A paisagem se repetia
por quilômetros e quilômetros. Ela corria pela pequena estrada de terra,
tentando evitar o campo de flores que se estendia até o horizonte, mas suas
pernas pareciam patinar em geléia. Sua visão estava meio turva. Talvez tudo fosse
um sonho.
O sol do fim de tarde
deixava a atmosfera tingida de laranja. Rosas vermelhas do tamanho de bolas de
boliche e com metro e meio de altura cobriam toda a extensão que seus olhos
humanos poderiam alcançar. Eram rosas magnificas, mas tinham algo de errado.

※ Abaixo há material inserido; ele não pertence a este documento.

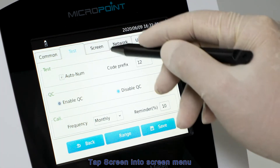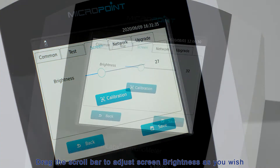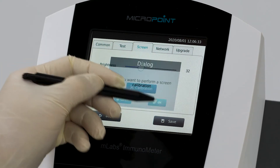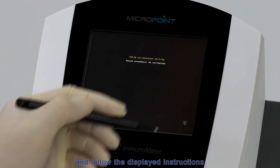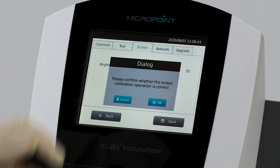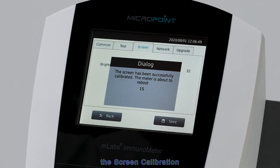Tap Screen to enter the screen menu. Drag the scroll bar to adjust screen brightness as you wish. Tap the Screen Calibration button to calibrate the screen, then select the crosshair cursor and follow the displayed instructions. The system will automatically restart after screen calibration.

Aliás, todo o lugar tinha algo de muito errado, ela percebia.
Vindo de longe, uma voz
começa a entoar uma canção. A melodia é doce, mas o que ela sente é um pavor
tão aterrador que a deixa nauseada. Então, como se estivesse ali desde sempre,
uma mulher gigante, com cerca de cinco metros de altura, lhe observa a poucos
metros de onde ela estava. A única peça de roupa que a gigante usa é uma saia
de colegial. Seu corpo é bonito, mas seu rosto é totalmente inexpressivo,
emoldurado por longos cabelos loiros.
- Ana...
Quando a gigante fala,
seus lábios não se movem.
- Você não pode mais
sair daqui Ana. Você esteve muito tempo vagando. Você vai sentir medo e não vai
sair daqui. Vai ser mais uma das minhas rosas.
Ana estava paralisada,
imóvel, petrificada. A gigante se abaixa, pega uma mulher de meia idade do chão,
e como se fosse uma folha, parte-a ao meio. Ela deixa o sangue escorrer, e da
poça escarlate nasce mais uma rosa. A mulher não estava ali antes de ser pega,
Ana sabia disso.
- Você vai ser mais uma
que irá temer a vida. Você não se arriscará. Você vai ter medo da frustração e
vai se acomodar, culpando o mundo por sua insegurança. E quando você estiver
pronta, você vai se tornar mais uma das minhas rosas e me ajudará a embelezar
este mundo.
Ana queria gritar,
queria dizer não, queria rugir “NÃO!”. Aos poucos seus pés começam a se mover e
Ana cambaleia para dentro do campo de rosas. Os espinhos são do tamanho de mãos
humanas. Ana se apavora ao perceber que não são espinhos, e que de fato são
mãos. Elas a seguram com força e acabam por rasgar a barra de seu vestido. De
volta à estrada, ela corre e corre e corre e corre... Mas o lugar é sempre o
mesmo. Então ela para. Percebe que não há do que fugir. Ela passou a vida fugindo e está cansada disso. Ela sente a brisa morna do crepúsculo e sorri. Volta-se para trás e observa a gigante,
agachada e tranquila em meio à suas rosas. Já não parece tão gigante.
- Ele será um
passatempo Ana. Você virá para mim quando cansar dele. Ele não é nada além de
nada, assim como você é nada. Aliás, você é algo, querida. Você é medo.
- E você se engana –
responde Ana, sorridente, sem sombra de medo em sua fala – Ele é tudo. Ele é
risco, é certeza, é duvida, é passado, mas principalmente futuro. Se der
errado, foi por que deixou de dar certo, mas um dia esteve certo, e nesses dias
eu estava feliz. Eu não sou medo. Eu sou tentativa e erro, e sou feliz. E vou
ser feliz enquanto puder ser porque arrisquei e vivi. Eu não sou medo, sou
vida.
A gigante permanece
parada, como se estivesse alheia à situação. Ana se sente exultante, e a
paisagem muda de forma rápida, como acontece nos sonhos. O sol toca seu rosto e
as rosas tornam-se lavanda. E o vento que mexe seu cabelo não venta
propriamente, porque é físico e pode ser tocado.
Ela fecha os olhos e
inspira profundamente. “Sou Ana, e amo”, pensa. E quando abre os olhos, ela
está em sua cama, e o vento são as mãos dele, acariciando seus cabelos.